There are several known computer applications that require graphic objects to be transformed from vector representation to raster representation. For example, such a transformation is needed to display graphic objects on a display device, such as a computer monitor, or to display graphic objects on a page using a printing device, such as a laser beam printer. A vector representation of a graphic object is a description of the graphic object in terms of an object outline, typically in the form of straight lines (vectors). Conversely, a raster representation of a graphic object consists of pixels needed to render the graphic object on the display device. The pixels of the raster representation are part of a pixel grid of the display device. The pixel grid defines locations of the pixels and resolution of those pixels, known as the device resolution.
Graphic objects in a vector representation are known as vector objects. One method of transforming a vector object to a raster representation is referred to as Bresenham's algorithm. For each vector of a vector object, Bresenham's algorithm determines pixels that correspond to the intersection of the vector with each scanline of the pixel grid. A scanline is a row of pixels in the pixel grid of the display device. Once the position of the start of the vector is known, the pixel at the intersection of the vector with each scanline is determined by incrementing the position at a previous scanline intersection by an offset that represents the slope of the vector. The offset contains an integer part and a fractional part. The integer part determines the pixels that are activated by the vector and the fractional part accumulates an error value. Once the error value exceeds a certain threshold the integer part is incremented an additional time.
Bresenham's algorithm is also used to determine the appearance of an image when the image is rendered at device resolution. The image to be rendered to the pixel grid of the device is known as a source image. The rendered image at device resolution is known as a destination image. Due to differences between the resolution of the source image and the device resolution, and the image transformation (translation, scaling and/or rotation) to be applied to the source image, mappings between source image pixels and destination image pixels (known as pixel mappings) are not always straightforward. Using Bresenham's algorithm, the location of the source image pixel that corresponds to a destination image pixel may be determined by incrementing the location of the previous source image pixel by an offset that is calculated from the image transformation. Again, the offset contains an integer part which determines the discrete mapping from destination image pixels to source image pixels; and a fractional part which accumulates an error value.
The methods discussed above require offset and error accumulation calculations to be performed for every pixel in a destination image.

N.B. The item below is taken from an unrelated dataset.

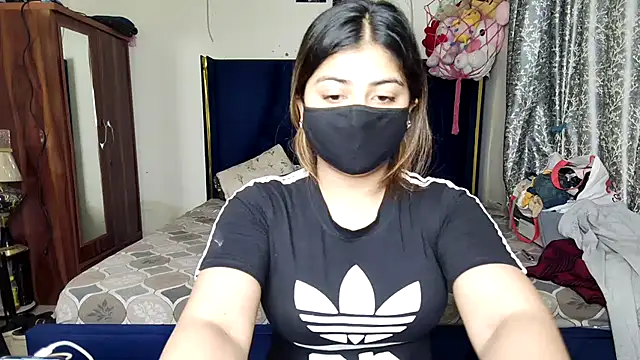 Snapshot of Hoty-Shivangi chatting on 4, 8, 2026 Hoty-Shivangi online show from 4, 8, 2026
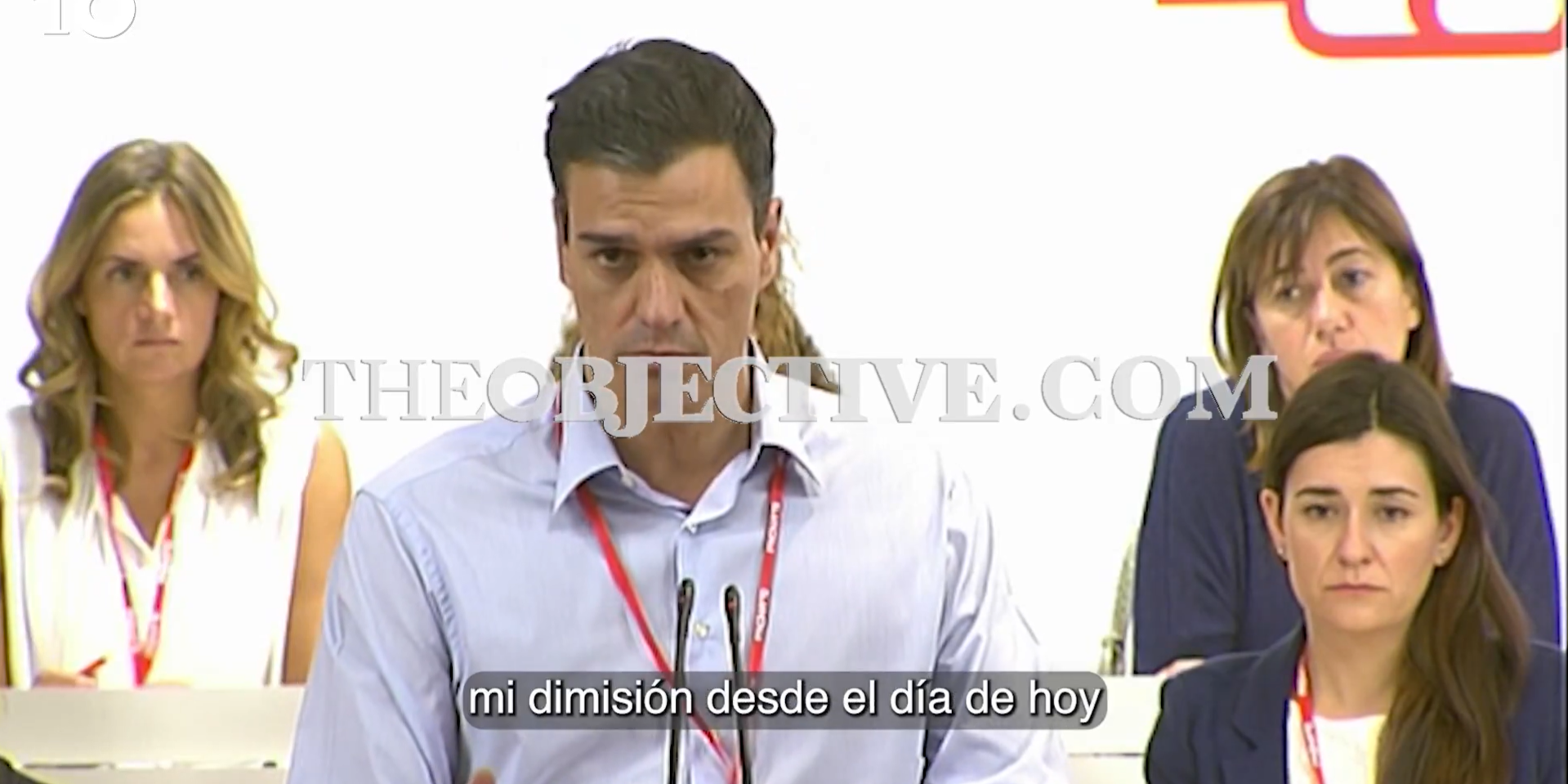 El momento en el que Pedro Sánchez anuncia su dimisión en el tenso Comité Federal de 2016: "Ha sido un orgullo ser secretario general" El momento en el que Pedro Sánchez anuncia su dimisión en el tenso Comité Federal de 2016: "Ha sido un orgullo ser secretario general"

One alternative to using Bresenham's algorithm for rendering images, when image transformation contains no rotation, is to pre-calculate the pixel mappings for one row of destination image pixels in the horizontal direction and one column of destination image pixels in the vertical direction. For cases where the image transformation does not contain any rotation, the two sequences of pixel mappings are sufficient to determine the location of the source image pixel for any destination image pixel, avoiding the need to calculate the source image pixel for every destination image pixel in the destination image. However, such a method requires additional memory to store sequences of pixel mappings for the width and height of the destination image.
A similar method may be used when drawing vector objects. In such a method, pixel offsets for each scanline of a vector may be predetermined. Like the above method for predetermination of sequences of pixel mappings, such a predetermination method reduces the amount of calculations required to render the vectors. However, such a method also generates a large amount of offset data that must be stored in memory.
Thus, a need clearly exists for an encoding method that represents a mapping between vector objects or source image pixels and destination image pixels, that is faster and more efficient than the prior art.